[Opening SOURCE INFORMATION section]

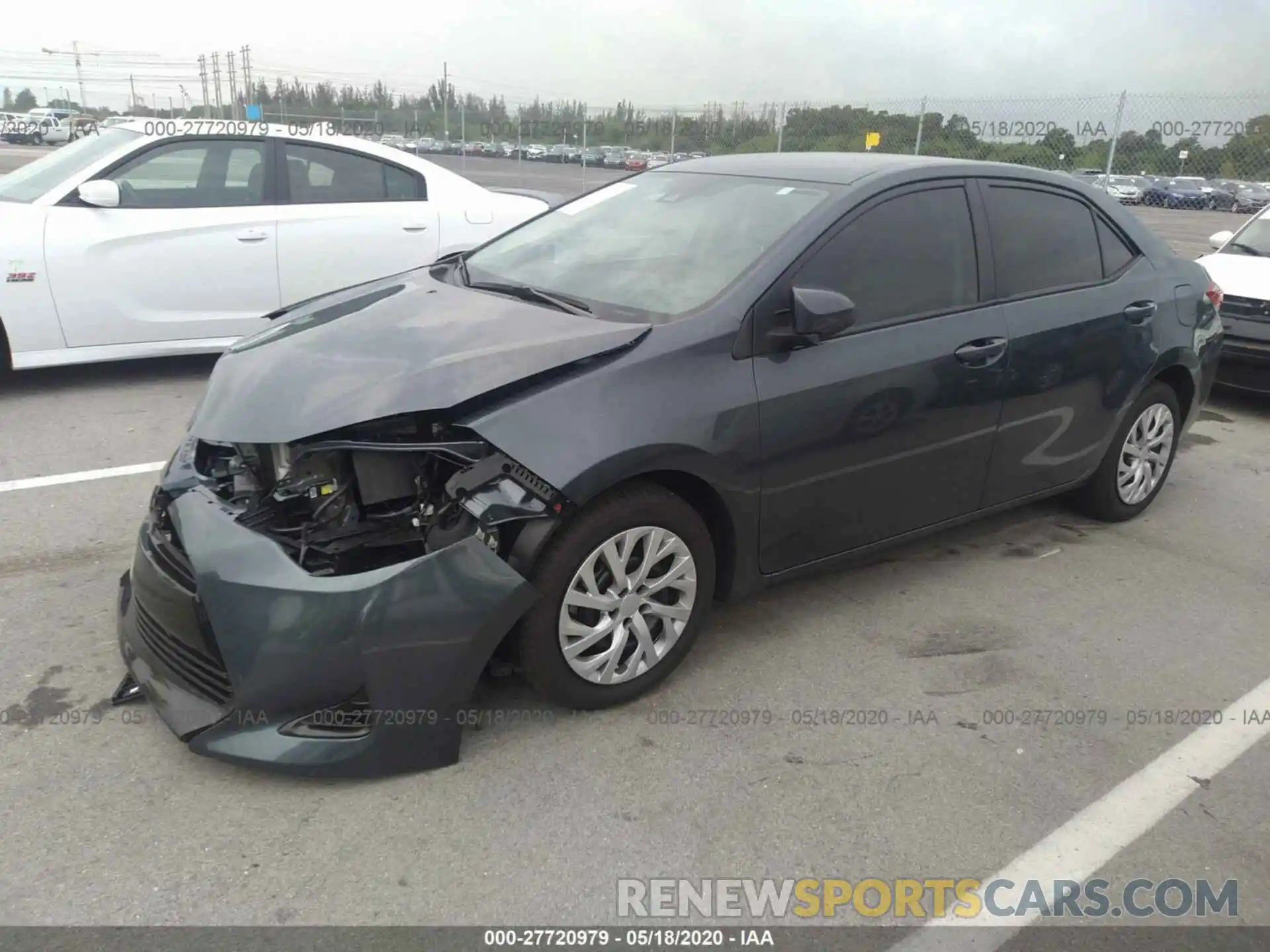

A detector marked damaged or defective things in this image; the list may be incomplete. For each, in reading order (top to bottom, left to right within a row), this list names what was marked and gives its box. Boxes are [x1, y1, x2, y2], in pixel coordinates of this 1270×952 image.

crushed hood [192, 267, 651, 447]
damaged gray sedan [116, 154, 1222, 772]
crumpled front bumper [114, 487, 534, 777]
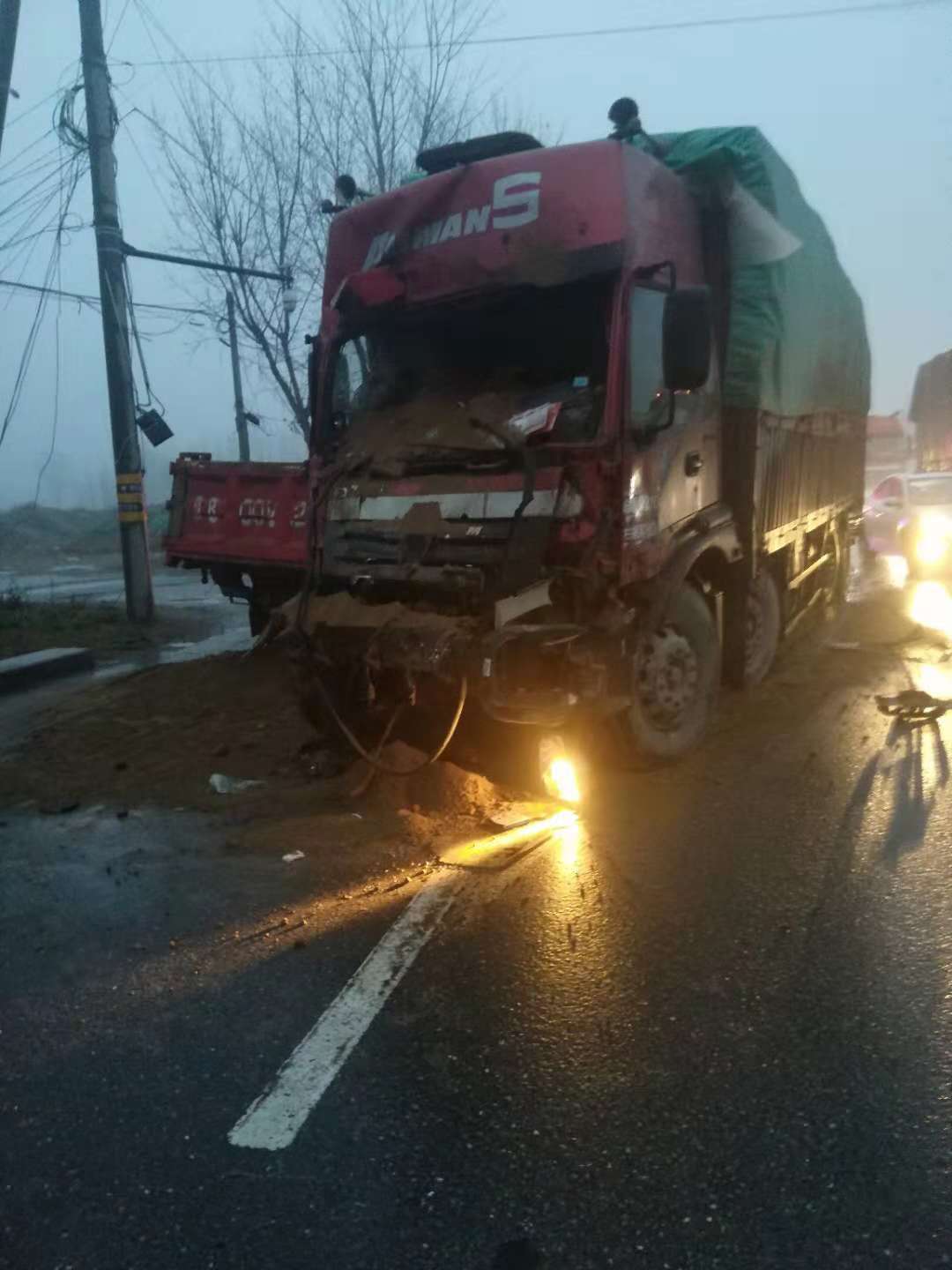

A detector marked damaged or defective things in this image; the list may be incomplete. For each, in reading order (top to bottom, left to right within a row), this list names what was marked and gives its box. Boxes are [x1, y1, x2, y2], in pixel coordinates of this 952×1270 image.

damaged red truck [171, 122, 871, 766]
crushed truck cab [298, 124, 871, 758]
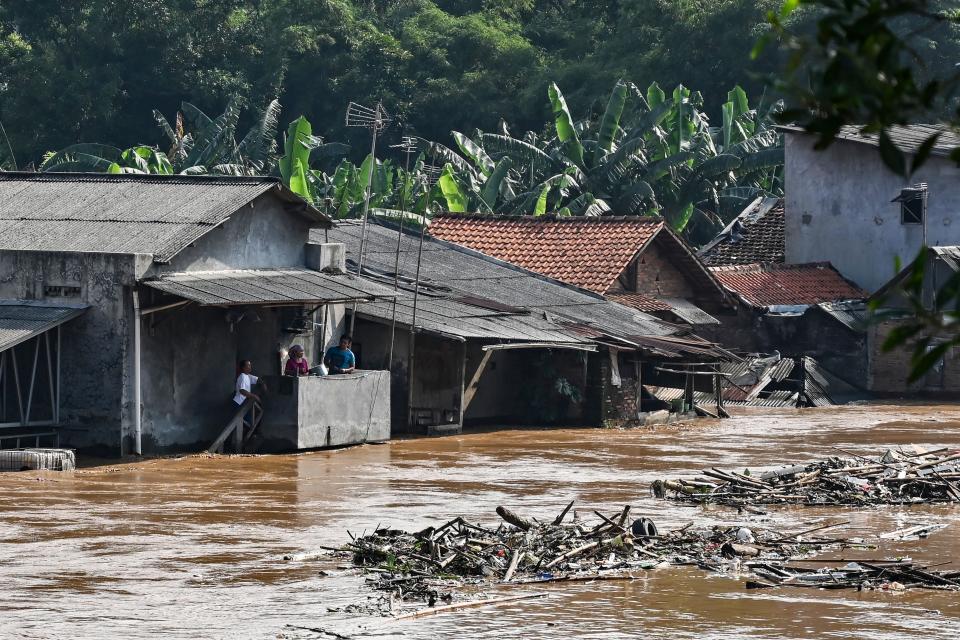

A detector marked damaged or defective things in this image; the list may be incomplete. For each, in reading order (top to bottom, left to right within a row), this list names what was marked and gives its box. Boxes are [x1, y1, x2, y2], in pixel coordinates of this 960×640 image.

[Closing SOURCE INFORMATION section]

-- WHAT THIS TASK INVOLVES --
What is needed is an exact transcription of the lines from the one holding "this 952×1270 image." to the end of the data, with every picture left out.

-- EXERCISE SOLUTION --
A detector marked damaged or defective things in this image; the list may be incomplete. For each, in reading order (top to bottom, left to right within a row), this list names what was marked and gives its box. Boxes are [x1, y1, x2, y2], in pixel coordinates of this 952×1270 image.

damaged red truck [171, 122, 871, 766]
crushed truck cab [298, 124, 871, 758]

A detector marked damaged or defective things in this image; the list may be incomplete. For each, in reading order (top to bottom, left to right within a row), this list names what was marked and gives its box. Boxes are [x1, y1, x2, y2], in pixel coordinates of this 960×640 image.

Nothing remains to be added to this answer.